Source records:
________

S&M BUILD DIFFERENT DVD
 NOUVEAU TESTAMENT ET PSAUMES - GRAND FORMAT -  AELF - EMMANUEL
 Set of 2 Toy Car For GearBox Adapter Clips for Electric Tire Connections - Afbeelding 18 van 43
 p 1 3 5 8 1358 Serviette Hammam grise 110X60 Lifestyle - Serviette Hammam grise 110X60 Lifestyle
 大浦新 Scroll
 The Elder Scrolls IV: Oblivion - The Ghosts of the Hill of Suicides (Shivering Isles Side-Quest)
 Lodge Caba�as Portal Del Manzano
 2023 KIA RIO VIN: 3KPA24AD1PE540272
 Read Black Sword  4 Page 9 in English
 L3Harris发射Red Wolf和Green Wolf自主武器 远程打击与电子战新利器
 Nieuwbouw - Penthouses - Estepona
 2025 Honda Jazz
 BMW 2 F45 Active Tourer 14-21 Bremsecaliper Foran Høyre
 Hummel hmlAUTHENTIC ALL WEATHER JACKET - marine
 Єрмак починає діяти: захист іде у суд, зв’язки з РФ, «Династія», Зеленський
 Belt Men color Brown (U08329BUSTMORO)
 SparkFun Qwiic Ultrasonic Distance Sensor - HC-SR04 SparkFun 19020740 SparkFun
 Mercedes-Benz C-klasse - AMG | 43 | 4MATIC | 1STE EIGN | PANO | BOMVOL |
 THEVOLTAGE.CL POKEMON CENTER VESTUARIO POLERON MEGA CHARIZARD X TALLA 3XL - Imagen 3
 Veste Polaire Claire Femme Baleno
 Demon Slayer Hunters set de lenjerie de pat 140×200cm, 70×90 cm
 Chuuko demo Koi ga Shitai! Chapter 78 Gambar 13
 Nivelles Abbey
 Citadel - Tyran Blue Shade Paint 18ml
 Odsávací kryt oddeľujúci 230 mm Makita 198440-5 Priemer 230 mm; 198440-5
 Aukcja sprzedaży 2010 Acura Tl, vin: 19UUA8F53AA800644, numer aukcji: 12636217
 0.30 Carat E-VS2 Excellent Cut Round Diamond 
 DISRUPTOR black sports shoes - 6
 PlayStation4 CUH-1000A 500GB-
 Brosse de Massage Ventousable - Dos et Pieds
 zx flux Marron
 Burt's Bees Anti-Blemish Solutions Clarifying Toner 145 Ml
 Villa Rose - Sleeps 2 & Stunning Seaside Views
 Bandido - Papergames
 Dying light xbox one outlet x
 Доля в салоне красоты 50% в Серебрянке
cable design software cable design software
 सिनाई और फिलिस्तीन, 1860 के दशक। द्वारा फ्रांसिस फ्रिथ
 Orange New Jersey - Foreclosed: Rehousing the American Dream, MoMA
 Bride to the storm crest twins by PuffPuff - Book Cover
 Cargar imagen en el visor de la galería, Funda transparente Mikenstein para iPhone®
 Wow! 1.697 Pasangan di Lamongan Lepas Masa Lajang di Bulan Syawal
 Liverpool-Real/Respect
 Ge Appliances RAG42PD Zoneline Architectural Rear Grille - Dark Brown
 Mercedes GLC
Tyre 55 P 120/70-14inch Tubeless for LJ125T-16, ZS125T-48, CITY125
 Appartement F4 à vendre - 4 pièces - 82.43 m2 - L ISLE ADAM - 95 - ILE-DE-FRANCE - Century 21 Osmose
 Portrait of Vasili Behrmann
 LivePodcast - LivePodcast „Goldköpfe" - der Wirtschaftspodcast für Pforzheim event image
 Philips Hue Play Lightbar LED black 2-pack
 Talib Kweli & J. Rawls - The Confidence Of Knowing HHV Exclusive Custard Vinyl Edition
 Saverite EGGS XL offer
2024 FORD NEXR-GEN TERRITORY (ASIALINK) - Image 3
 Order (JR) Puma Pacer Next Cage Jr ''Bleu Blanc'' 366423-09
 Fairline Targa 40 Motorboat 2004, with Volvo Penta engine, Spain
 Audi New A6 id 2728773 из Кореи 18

________

TASK OBJECTIVE: Determine how many lines of the data above contain the string "Brown", and answer with the number only.

REPLY TO THE EXERCISE: 2